I have 9 data sets, each having 115 rows and 742 columns and each data set contains results from a spectrometer taken under specific conditions.
I would like to analyze all combinations of these 9 data sets to determine the best conditions.
Edit:
The data are spectral measurements(rows= samples,columns =wavelengths) taken at 10 different temperatures.
I would like to get all combinations of the 9 data sets and apply a function cpr2
to each combination. cpr2
takes a data set and makes a plsr model,predicts 9 test sets(the individual sets),and returns bias of prediction.
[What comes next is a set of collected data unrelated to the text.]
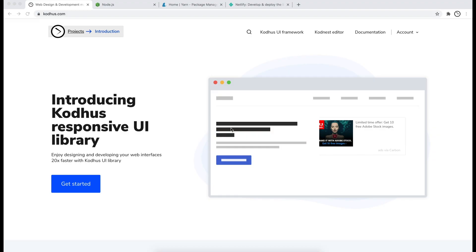Hi, in this video I'm going to show you how you can install and start using KOTUS UI framework not only as your development environment but also your toolbox to create web interfaces.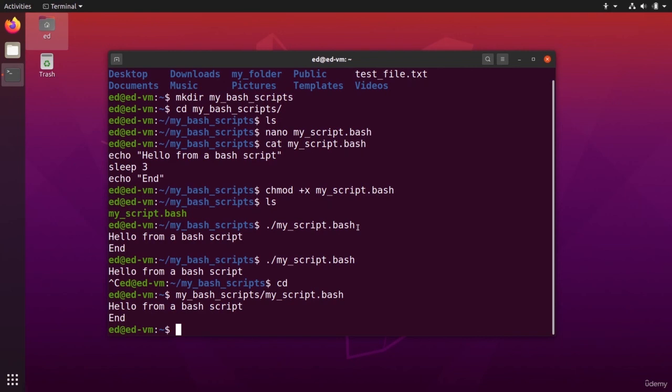So to recap, in this section, you have seen how to edit a file with nano, okay, directly on the terminal, how to configure nano. And you have seen how to create bash files with nano and then how to execute them to automate your work.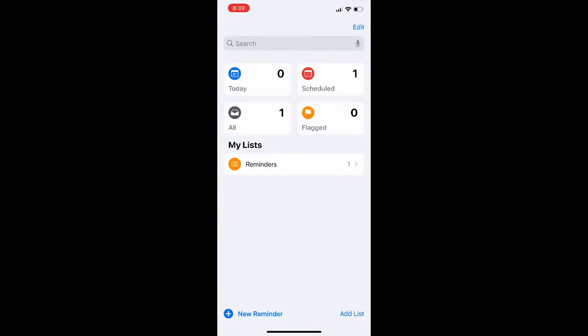It's also good if you have a kids baseball game or practice or something and you just want everybody in the family to be reminded that's where you're at. This is a great way to do it through the reminders app.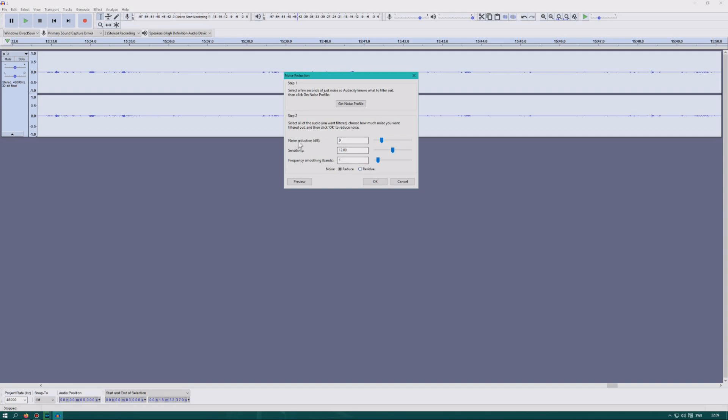Here we have noise reduction in decibels. If it reduces too much of the noise and sounds weird, drag this down a little bit. Then you can also change the sensitivity if you want to. I usually keep it on just reduce because I haven't tried residue, and I don't think that sounds very good anyways.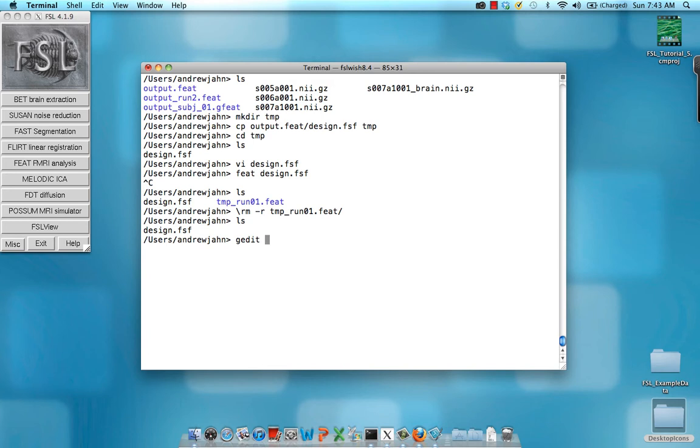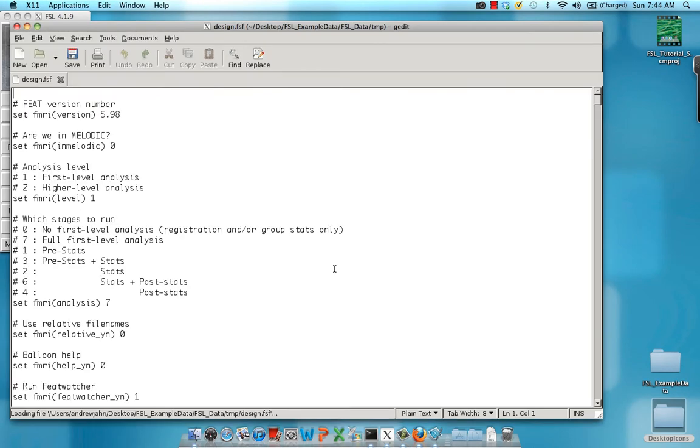But now if we want to make this more efficient and automate it, you can open up design.fsf with your favorite text editor, either VI, or in this case, I think gedit is also pretty useful. Just something that has a search and replace function.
My intention is to find which combination gave the smallest prediction biases i.e how many temperature conditions are need to give acceptable bias.
Based on suggestion:
I'm looking to do something like this
g<-c("g11","g12","g13,g21","g22","g23","g31","g32","g33")
cbn<-combn(g,3) # making combinations of 3
comb<-lapply(cbn,cpr2(cbn))
for reference cpr2 is
cpr2<-function(data){
data.pls<-plsr(protein~.,8,data=data,validation="LOO") #make plsr model
gag11p.pred<-predict(data.pls,8,newdata=gag11p) #predict each test set
gag12p.pred<-predict(data.pls,8,newdata=gag12p)
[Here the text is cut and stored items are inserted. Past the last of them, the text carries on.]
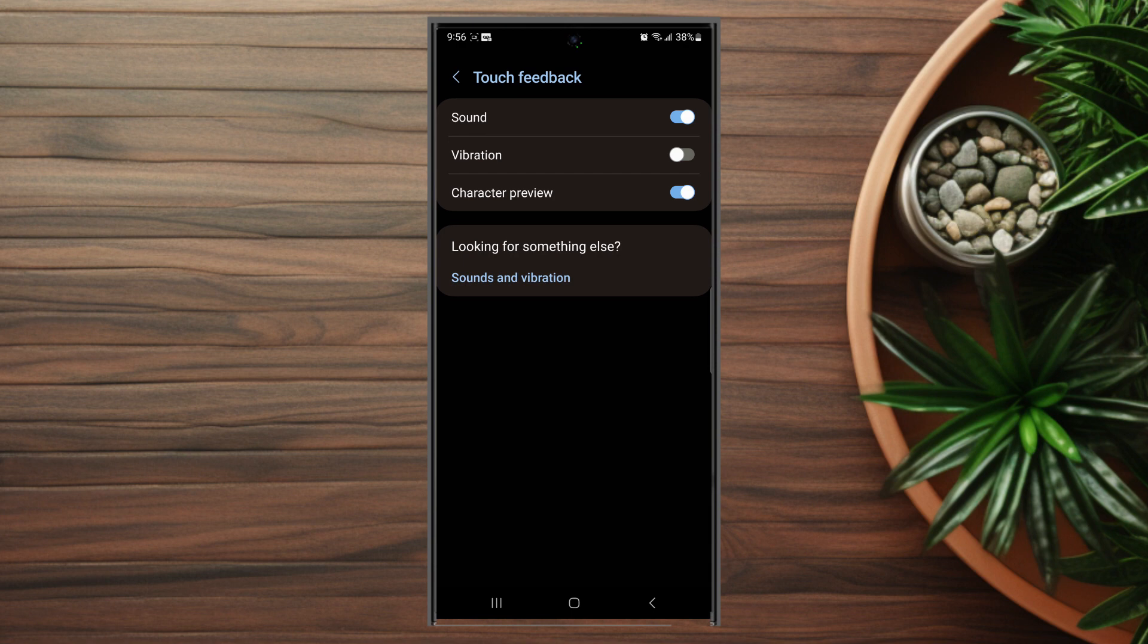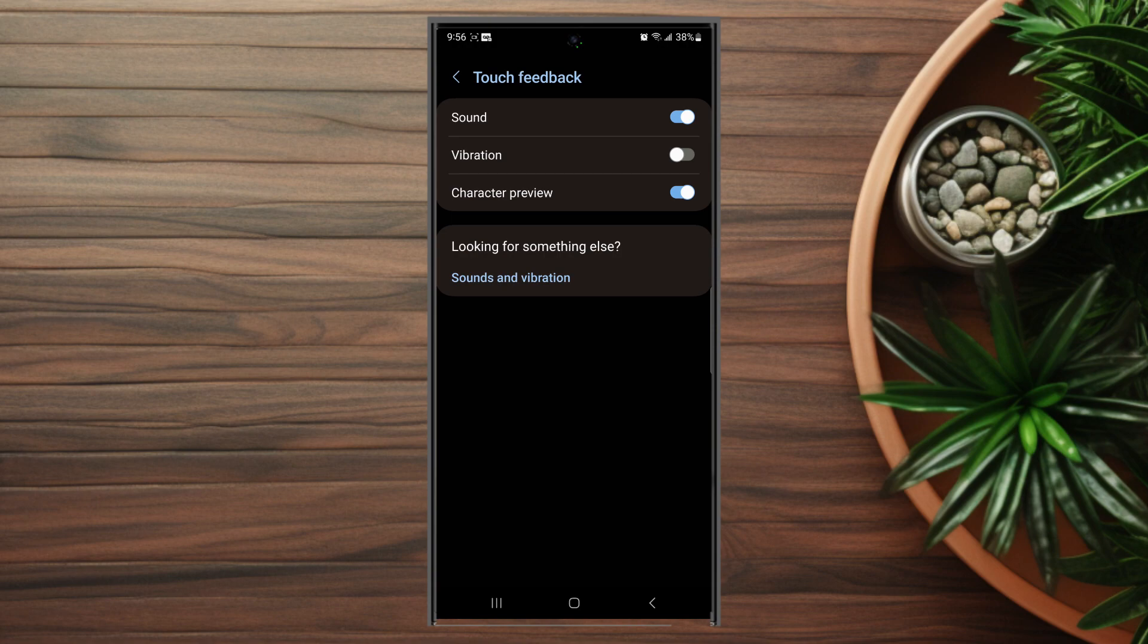So there you have it everyone, just a quick tip on how to turn off keyboard vibration on your S23 device. If you like this kind of content or find it helpful, leave a message down below. Don't forget to subscribe and thanks for watching.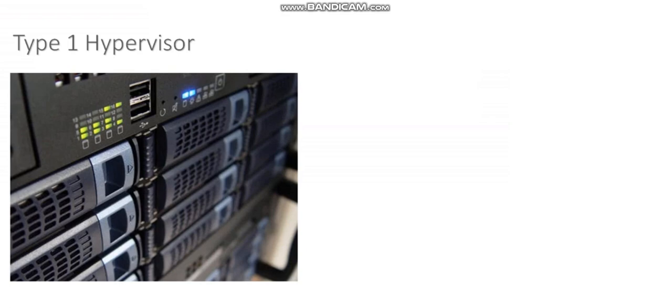It's essentially the operating system that runs on that physical server and it provides this hypervisor capability so that multiple VMs can run on top of the hypervisor.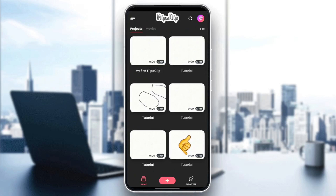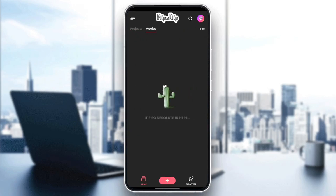As you can see guys, I'm right now in Flipaclip, and this is how the homepage looks like. So here in the bottom, you're going to find all of the sections. There are three sections: there is the home section, this little plus icon, and discover. So right here in the home section, you're going to find all of your projects and also your movies.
gag13p.pred<-predict(data.pls,8,newdata=gag13p)
gag21p.pred<-predict(data.pls,8,newdata=gag21p)
gag22p.pred<-predict(data.pls,8,newdata=gag22p)
gag23p.pred<-predict(data.pls,8,newdata=gag23p)
gag31p.pred<-predict(data.pls,8,newdata=gag31p)
gag32p.pred<-predict(data.pls,8,newdata=gag32p)
gag33p.pred<-predict(data.pls,8,newdata=gag33p)
pred.bias1<-mean(gag11p.pred-gag11p[742]) #calculate prediction bias
pred.bias2<-mean(gag12p.pred-gag12p[742])
pred.bias3<-mean(gag13p.pred-gag13p[742])
pred.bias4<-mean(gag21p.pred-gag21p[742])
pred.bias5<-mean(gag22p.pred-gag22p[742])
pred.bias6<-mean(gag23p.pred-gag23p[742])
pred.bias7<-mean(gag31p.pred-gag31p[742])
pred.bias8<-mean(gag32p.pred-gag32p[742])
pred.bias9<-mean(gag33p.pred-gag33p[742])
r<-signif(c(pred.bias1,pred.bias2,pred.bias3,pred.bias4,pred.bias5,
pred.bias6,pred.bias7,pred.bias8,pred.bias9),2)
out<-c(R2(data.pls,"train",ncomp=8),RMSEP(data.pls,"train",ncomp=8),r)
return(out)
}
Any insights into solving this will be appreciated.